QuickBooks creates audit trails that capture user activities. This can help your company identify unauthorized changes. The audit trail includes:

  • The transaction date,
  • The user’s name, and
  • The type of change.

Administrators can apply filters to audit log data that can help evaluate what’s happening and determine whether further analysis is required.

Trend detection and analysis

QuickBooks can generate accounts receivable and accounts payable aging reports to identify unusual balances. Creating periodic and ad-hoc financial statements can help uncover sudden changes or irregularities in revenue, expenses and cash flow. Unexplained anomalies can foreshadow asset misappropriation and financial misstatement schemes.

Exception reporting

Exception reports can be used to flag transactions that deviate from established patterns or thresholds. Customized reports can focus on specific areas of concern, such as duplicate payments, unusual expense categories, voided transactions and vendor payments.

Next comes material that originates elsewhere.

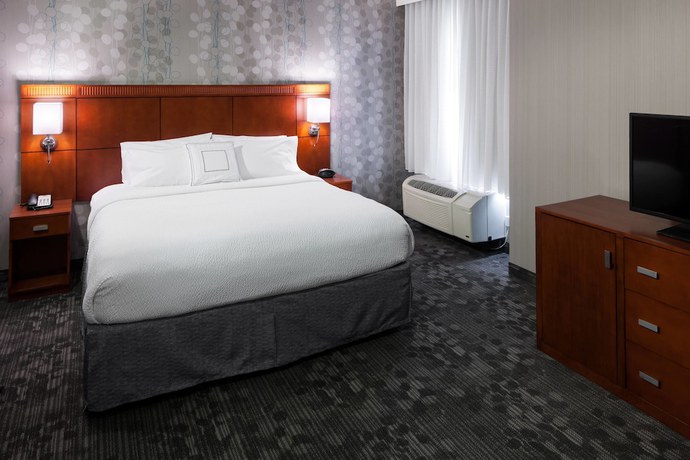 Imagen de los interiores del Hotel Courtyard by Marriott Santa Clarita Valencia. Foto 8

QuickBooks also makes it easier to perform bank reconciliations to detect discrepancies between bank and company records that can signal fraud.

User roles and access

Controlling access to data and limiting a user’s ability to engage in certain transactions is a crucial component of an effective internal control system. QuickBooks allows businesses to assign predefined and customized user access. Simply put, by limiting user access rights, your business can reduce the likelihood of fraud happening.

Fraud awareness

In general, QuickBooks streamlines the detection, reporting and investigation of potential fraud. In turn, this creates a culture of fraud awareness that filters from the accounting department to the rest of the organization — and demonstrates that management is watching out for dishonest behavior. Proactive managers can thwart would-be fraudsters by minimizing perceived opportunities for fraud to happen, thereby minimizing the organization’s potential for losses.